- _EXERCISE INSTRUCTIONS_
Copy exactly the lines of the records below, and only those lines, beginning with the line that contains "Освободиха главния архитект" and ending with the line that contains "Renault Express 1.5".

- _WORKING DATA_
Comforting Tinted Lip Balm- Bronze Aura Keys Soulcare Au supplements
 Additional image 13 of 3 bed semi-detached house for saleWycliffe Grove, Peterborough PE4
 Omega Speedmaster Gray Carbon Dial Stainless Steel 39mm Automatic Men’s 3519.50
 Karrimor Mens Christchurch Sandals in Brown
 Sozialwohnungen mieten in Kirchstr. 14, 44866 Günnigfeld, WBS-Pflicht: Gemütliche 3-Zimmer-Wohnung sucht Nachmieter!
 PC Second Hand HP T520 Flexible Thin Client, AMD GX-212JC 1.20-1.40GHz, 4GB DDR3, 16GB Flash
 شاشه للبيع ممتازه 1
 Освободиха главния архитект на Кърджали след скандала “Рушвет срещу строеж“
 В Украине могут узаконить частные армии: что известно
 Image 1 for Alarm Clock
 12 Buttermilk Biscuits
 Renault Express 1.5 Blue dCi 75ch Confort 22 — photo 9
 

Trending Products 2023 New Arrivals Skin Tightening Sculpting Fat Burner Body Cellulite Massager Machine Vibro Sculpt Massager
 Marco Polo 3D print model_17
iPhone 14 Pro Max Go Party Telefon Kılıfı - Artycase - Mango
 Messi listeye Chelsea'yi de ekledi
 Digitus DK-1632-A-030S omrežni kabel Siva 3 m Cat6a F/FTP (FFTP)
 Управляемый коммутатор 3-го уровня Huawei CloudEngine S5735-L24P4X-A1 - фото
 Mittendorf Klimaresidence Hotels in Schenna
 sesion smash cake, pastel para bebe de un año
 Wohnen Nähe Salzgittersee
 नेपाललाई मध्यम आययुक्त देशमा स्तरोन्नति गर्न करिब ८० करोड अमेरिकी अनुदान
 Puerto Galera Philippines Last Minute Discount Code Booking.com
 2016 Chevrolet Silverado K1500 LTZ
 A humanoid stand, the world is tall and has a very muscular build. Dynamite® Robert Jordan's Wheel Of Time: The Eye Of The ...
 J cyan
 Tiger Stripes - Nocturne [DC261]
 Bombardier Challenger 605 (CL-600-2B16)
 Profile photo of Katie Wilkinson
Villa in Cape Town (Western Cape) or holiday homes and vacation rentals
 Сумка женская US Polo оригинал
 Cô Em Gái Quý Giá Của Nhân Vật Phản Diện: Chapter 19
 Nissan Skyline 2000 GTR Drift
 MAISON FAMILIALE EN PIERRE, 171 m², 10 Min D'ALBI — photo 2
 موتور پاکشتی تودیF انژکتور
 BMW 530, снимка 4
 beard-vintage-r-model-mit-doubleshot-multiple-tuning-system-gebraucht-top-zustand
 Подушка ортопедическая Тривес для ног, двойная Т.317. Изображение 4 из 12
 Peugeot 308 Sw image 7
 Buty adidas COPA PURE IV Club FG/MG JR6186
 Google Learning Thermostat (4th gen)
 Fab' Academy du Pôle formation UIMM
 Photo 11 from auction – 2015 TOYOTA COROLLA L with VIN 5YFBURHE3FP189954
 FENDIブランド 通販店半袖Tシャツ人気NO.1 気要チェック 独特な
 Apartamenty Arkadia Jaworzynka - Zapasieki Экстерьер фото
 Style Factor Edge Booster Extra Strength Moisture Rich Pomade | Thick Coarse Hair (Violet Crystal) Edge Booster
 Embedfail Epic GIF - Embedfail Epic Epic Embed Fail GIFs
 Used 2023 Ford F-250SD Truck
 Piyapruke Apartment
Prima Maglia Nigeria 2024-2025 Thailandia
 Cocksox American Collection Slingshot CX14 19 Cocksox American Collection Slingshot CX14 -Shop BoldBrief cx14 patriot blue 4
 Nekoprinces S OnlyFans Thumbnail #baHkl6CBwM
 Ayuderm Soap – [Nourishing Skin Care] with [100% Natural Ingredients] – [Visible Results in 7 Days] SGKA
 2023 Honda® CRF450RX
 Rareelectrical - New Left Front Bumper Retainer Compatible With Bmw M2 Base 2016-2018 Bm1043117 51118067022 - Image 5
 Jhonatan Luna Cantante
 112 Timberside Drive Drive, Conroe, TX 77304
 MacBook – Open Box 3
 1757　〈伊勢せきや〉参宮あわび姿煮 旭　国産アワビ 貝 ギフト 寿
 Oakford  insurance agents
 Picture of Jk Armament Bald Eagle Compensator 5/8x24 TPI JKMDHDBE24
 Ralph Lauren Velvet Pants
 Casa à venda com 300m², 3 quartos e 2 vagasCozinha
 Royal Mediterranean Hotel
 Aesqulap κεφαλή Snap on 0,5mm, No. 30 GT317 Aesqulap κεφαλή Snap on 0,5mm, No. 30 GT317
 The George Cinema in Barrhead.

- _EXERCISE RESULT_
 Освободиха главния архитект на Кърджали след скандала “Рушвет срещу строеж“
 В Украине могут узаконить частные армии: что известно
 Image 1 for Alarm Clock
 12 Buttermilk Biscuits
 Renault Express 1.5 Blue dCi 75ch Confort 22 — photo 9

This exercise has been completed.